Honour Thy Mother and Father
When talking about parents and children, flawed father, husband and theologian Karl Barth defined the fifth commandment in the light of education.
‘The willingness to learn is the honour which is required of the children in relation to their parents.’
For Barth, to honour our forebears is to learn from their instruction, steering new life away from their paths of destruction. We preserve the good, shear off the bad.
Not all suffering comes from God, but God works through all suffering.
Ever the Christian, Barth infers that the ‘light of grace’ can pierce even the darkest, or most shattered, cruel, cold and silent of disfigured family trees.
In Barth’s words,
‘The Fatherhood of God lends its meaning and value to human form.’
This is because,
‘No human father, but God alone is properly, truly, and primarily Father.’
The value of vocation is intricately entwined with the importance of stories.
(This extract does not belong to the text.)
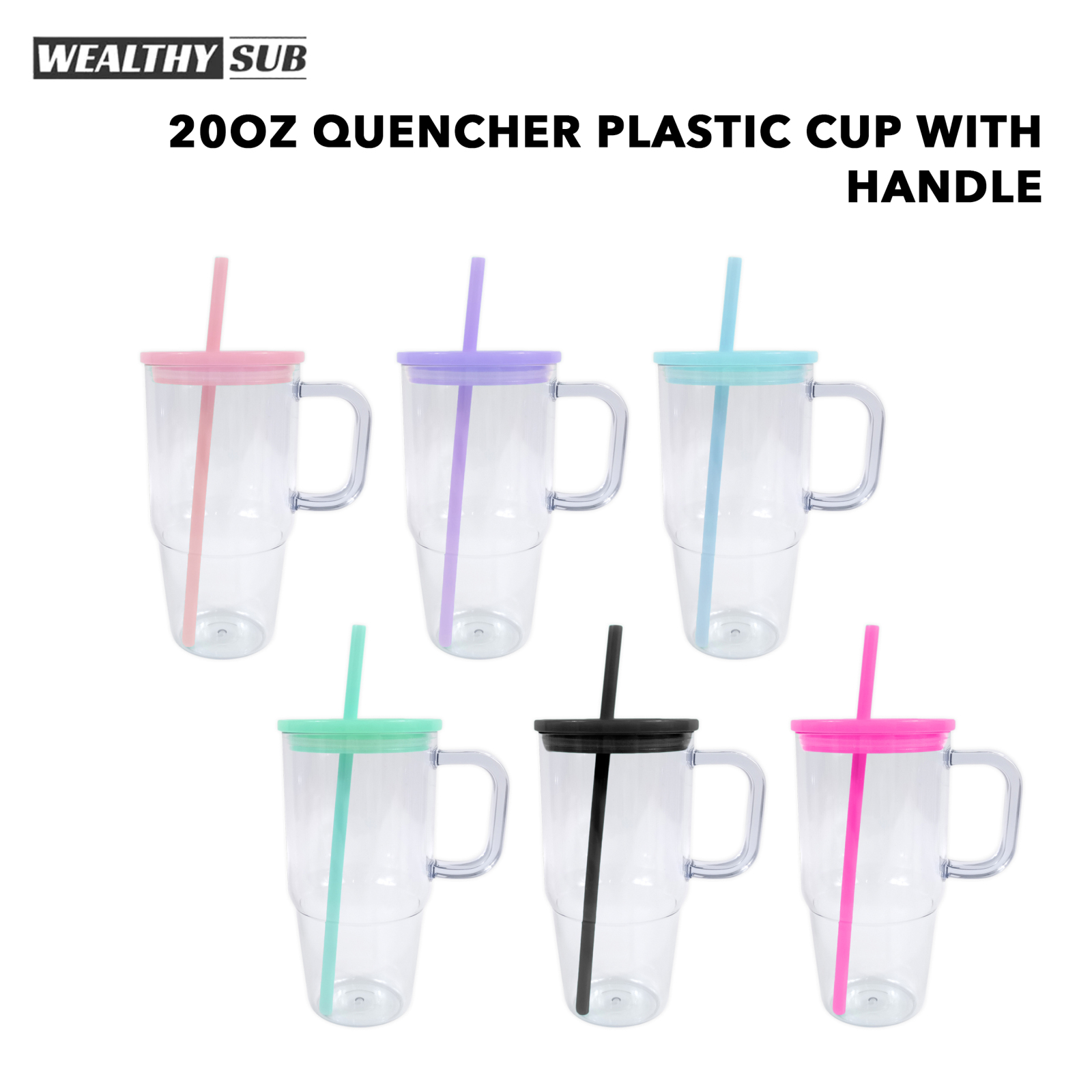 Entrepôt Wealthysub USA en plastique transparent de 20 oz avec poignée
Our hands and feet are charged to ‘imitate God’s action’: a genuine emulation forged by a healthy grasp of HIS-story, and with it, humility and honesty.
Crawling through my family history taught me the importance and the value of fatherhood as a vocation. I was born a father out of fatherlessness.
I was its raw recruit pioneering a way through the muck of past dysfunctional experiences. Its basic training taught me to be responsible for the life of a new family, creating a new history, alongside new memories, with new people, into newness of life.